# Bienvenido al curso de alemán



## Sonia 35

Hallo,

Ich bin Spanisch und habe einen Zweifel. Was ist richtig?

Willkommen zum Deutschkurs!
Willkommen im Deutschkurs!
oder 
Willkommen auf dem Deutschkurs!

Ich will "Bienvenido al curso de alemán" sagen.

Vielen Dank!


Grüsse,
Sonia


----------



## englishrose1

Hola,

Creo que 'Willkommen im Deutschkurs' es mejor.

Espero que esto ayude!


----------



## Sidjanga

Hola Sonia, _und willkommen *im *Forum._ 

Como ya dijo englishrose1, lo mejor aquí es _im Deutschkurs_ - sobre todo si un alumno llega tarde, después del comienzo oficial del curso.
_
zum Deutschkurs_ es posible también, pero me suena un tanto exagerado, como si el curso de alemán fuera un simposio u otro evento similar y súper importante.

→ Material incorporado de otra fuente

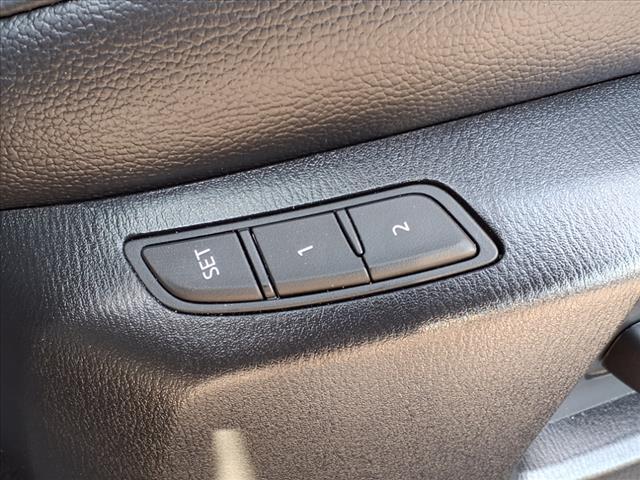used 2021 Mazda CX-5 car, priced at $25,995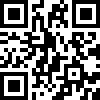 https://isna.ir/xdWpPk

En otros contextos, sobre todo en el caso de eventos que tienen lugar una vez solamente (como un simposio), se tiende a decir _zum_.

En algunos casos, donde se usaría en todo caso la preposición _auf _para referirse al lugar, esa se usa - obviamente - también al dar la bienvenida: _Willkommen auf dem Gipfel (des Berges)_
______________________
PS: 





Sonia 35 said:


> Ich bin Spanier(in) und habe einen Zweifel eine Frage.


O: _Ich bin mir nicht sicher, was richtig ist_.

No se dice "tengo una _duda_" en alemán en este contexto. 
"duda" se usa mucho en castellano para expresar algo entre "pregunta" y "no estoy seguro/a de si...". 
Pero _Zweifel _en alemán suelen ser unas dudas bastente fundamentales -como cuando se cuestiona algo, duda de la veracidad, legitimación o el sentido fundamental de algo- y normalmente no pega en contextos así de normales y corrientes.


----------



## Frank78

Ich würde "Willkommen *zum* Deutschkurs"sagen.

@Sidjanga

Wieso korrigierst du "Ich bin Spanisch"?

Also "Ich bin Deutsch und Deutscher".


----------



## Sonia 35

¡Hola! 

Me refiero a dar la bienvenida a los alumnos de un curso de alemán que comienza. No me refiero a dar la bienvenida a alumnos que llegan tarde a clase.

Gracias.


----------



## Sidjanga

Sonia 35 said:


> Me refiero a dar la bienvenida a los alumnos de un curso de alemán que comienza. No me refiero a dar la bienvenida a alumnos que llegan tarde a clase.


Sí, en este caso, _zum _parece un poco mejor.
________________
Frank: Wegen der Korrektur habe ich soeben einen neuen Thread aufgemacht.


----------